21. The process of claim 20 wherein the source of silicone oil(s) (c) is, or includes, linear, branched or cyclic silicone oil possessing from 3 to 6 silicon atoms and at least one alkyl group of from 3 to 20 carbon atoms.

22. The process of claim 21 wherein the source of linear, branched or cyclic silicone oil(s) (c) is, or includes, at least one member selected from the group consisting of octamethylcyclotetrasiloxane, decamethylcyclopentasiloxane, dodecamethylcyclohexasiloxane, heptamethylhexyltrisiloxane, heptamethylheptyltrisiloxane, heptamethyloctyltrisiloxane, hexamethyldisiloxane, octamethyltrisiloxane, pentamethylhexyldisiloxane, decamethyltetrasiloxane, dodecamethylpentasiloxane and capryl methicone.

23. The process of claim 19 wherein the stable, substantially uniform mixture of (a), (b) and (c) contains from 10 to 99 weight percent silicone gel(s), from 0.5 to 50 weight percent boron nitride powder(s) and from 0.5 to 40 weight percent silicone fluid(s).

24. The process of claim 19 wherein the stable, substantially uniform mixture of (a), (b) and (c) contains from 30 to 80 weight percent silicone gel(s), from 5 to 30 weight percent boron nitride powder(s) and from 5 to 30 weight percent silicone fluid(s).

25. The process of claim 19 wherein the stable, substantially uniform mixture of (a), (b) and (c) contains from 50 to 75 weight percent silicone gel(s) (a), from 10 to 25 weight percent boron nitride powder(s) (b) and from 10 to 20 weight percent silicone fluid(s) (c).

26. The process of claim 19 wherein at least some (a) is combined with at least some (b) to provide a pre-mix of (a) and (b), at least some (c) thereafter being combined with the pre-mix of (a) and (b), or at least some (b) is combined with at least some (c) to provide a pre-mix of (b) and (c), at least some (a) thereafter being combined with the premix of (b) and (c), or at least some (a) is combined with at least some (c) to provide a pre-mix of (a) and (c), at least some (b) thereafter being combined with the pre-mix of (a) and (c).
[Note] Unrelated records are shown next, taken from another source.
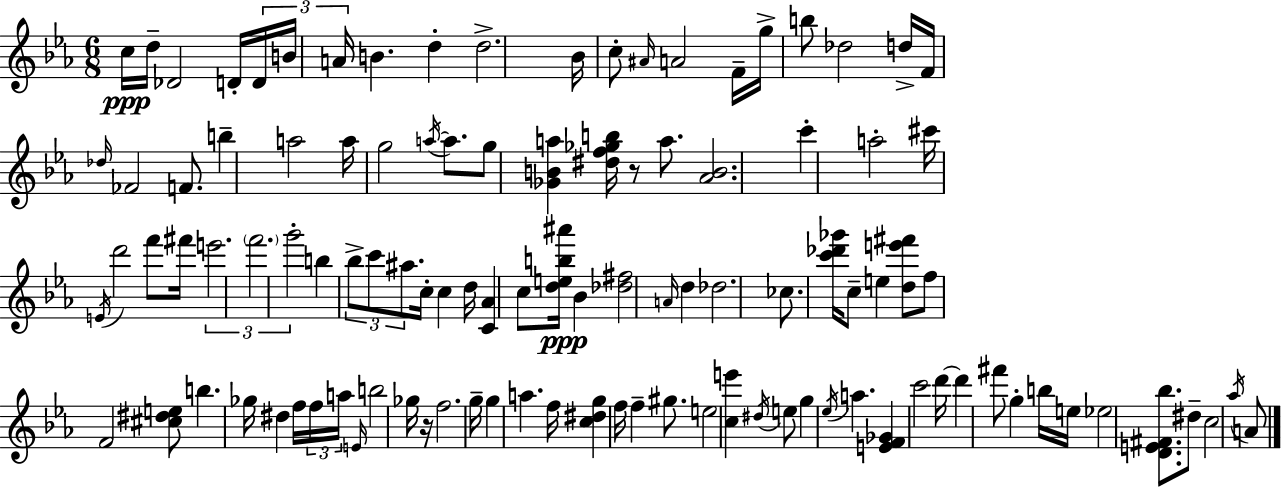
{
  \clef treble
  \numericTimeSignature
  \time 6/8
  \key c \minor
  c''16\ppp d''16-- des'2 d'16-. \tuplet 3/2 { d'16 | b'16 a'16 } b'4. d''4-. | d''2.-> | bes'16 c''8-. \grace { ais'16 } a'2 | \break f'16-- g''16-> b''8 des''2 | d''16-> f'16 \grace { des''16 } fes'2 f'8. | b''4-- a''2 | a''16 g''2 \acciaccatura { a''16~ }~ | \break a''8. g''8 <ges' b' a''>4 <dis'' f'' ges'' b''>16 r8 | a''8. <aes' b'>2. | c'''4-. a''2-. | cis'''16 \acciaccatura { e'16 } d'''2 | \break f'''8 fis'''16 \tuplet 3/2 { e'''2. | \parenthesize f'''2. | g'''2-. } | b''4 \tuplet 3/2 { bes''8-> c'''8 ais''8. } c''16-. | \break c''4 d''16 <c' aes'>4 c''8 <d'' e'' b'' ais'''>16\ppp | bes'4 <des'' fis''>2 | \grace { a'16 } d''4 des''2. | ces''8. <c''' des''' ges'''>16 c''8-- e''4 | \break <d'' e''' fis'''>8 f''8 f'2 | <cis'' dis'' e''>8 b''4. ges''16 | dis''4 f''16 \tuplet 3/2 { f''16 a''16 \grace { e'16 } } b''2 | ges''16 r16 f''2. | \break g''16-- g''4 a''4. | f''16 <c'' dis'' g''>4 f''16 f''4-- | gis''8. e''2 | <c'' e'''>4 \acciaccatura { dis''16 } e''8 g''4 | \break \acciaccatura { ees''16 } a''4. <e' f' ges'>4 | c'''2 d'''16~~ d'''4 | fis'''8 g''4-. b''16 e''16 ees''2 | <d' e' fis' bes''>8. dis''8-- c''2 | \break \acciaccatura { aes''16 } a'8 \bar "|."
}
27. The stable boron nitride powder-containing silicone gel composition produced by the process of claim 19 and including at least one component introduced therein in step (b) of the process.
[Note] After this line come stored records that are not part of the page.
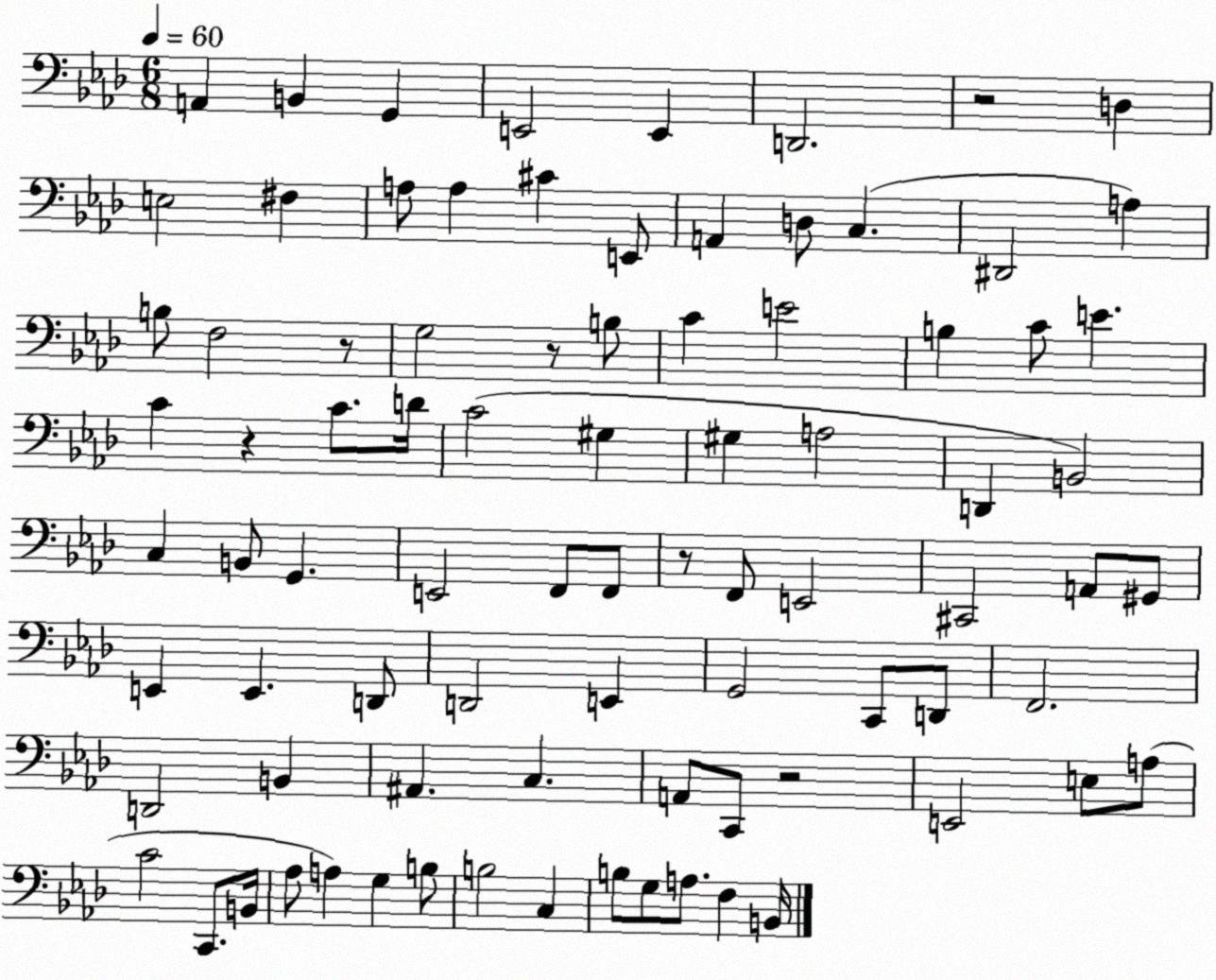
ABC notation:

X:1
T:Untitled
M:6/8
L:1/4
K:Ab
A,, B,, G,, E,,2 E,, D,,2 z2 D, E,2 ^F, A,/2 A, ^C E,,/2 A,, D,/2 C, ^D,,2 A, B,/2 F,2 z/2 G,2 z/2 B,/2 C E2 B, C/2 E C z C/2 D/4 C2 ^G, ^G, A,2 D,, B,,2 C, B,,/2 G,, E,,2 F,,/2 F,,/2 z/2 F,,/2 E,,2 ^C,,2 A,,/2 ^G,,/2 E,, E,, D,,/2 D,,2 E,, G,,2 C,,/2 D,,/2 F,,2 D,,2 B,, ^A,, C, A,,/2 C,,/2 z2 E,,2 E,/2 A,/2 C2 C,,/2 B,,/4 _A,/2 A, G, B,/2 B,2 C, B,/2 G,/2 A,/2 F, B,,/4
28. The stable boron nitride powder-containing silicone gel composition of claim 27 which is a personal care product.

29. The stable boron nitride powder-containing silicone gel composition produced by the process of claim 26 and including at least one component introduced therein in step (b) of the process.

30. The stable boron nitride powder-containing silicone gel composition of claim 29 which is a personal care product.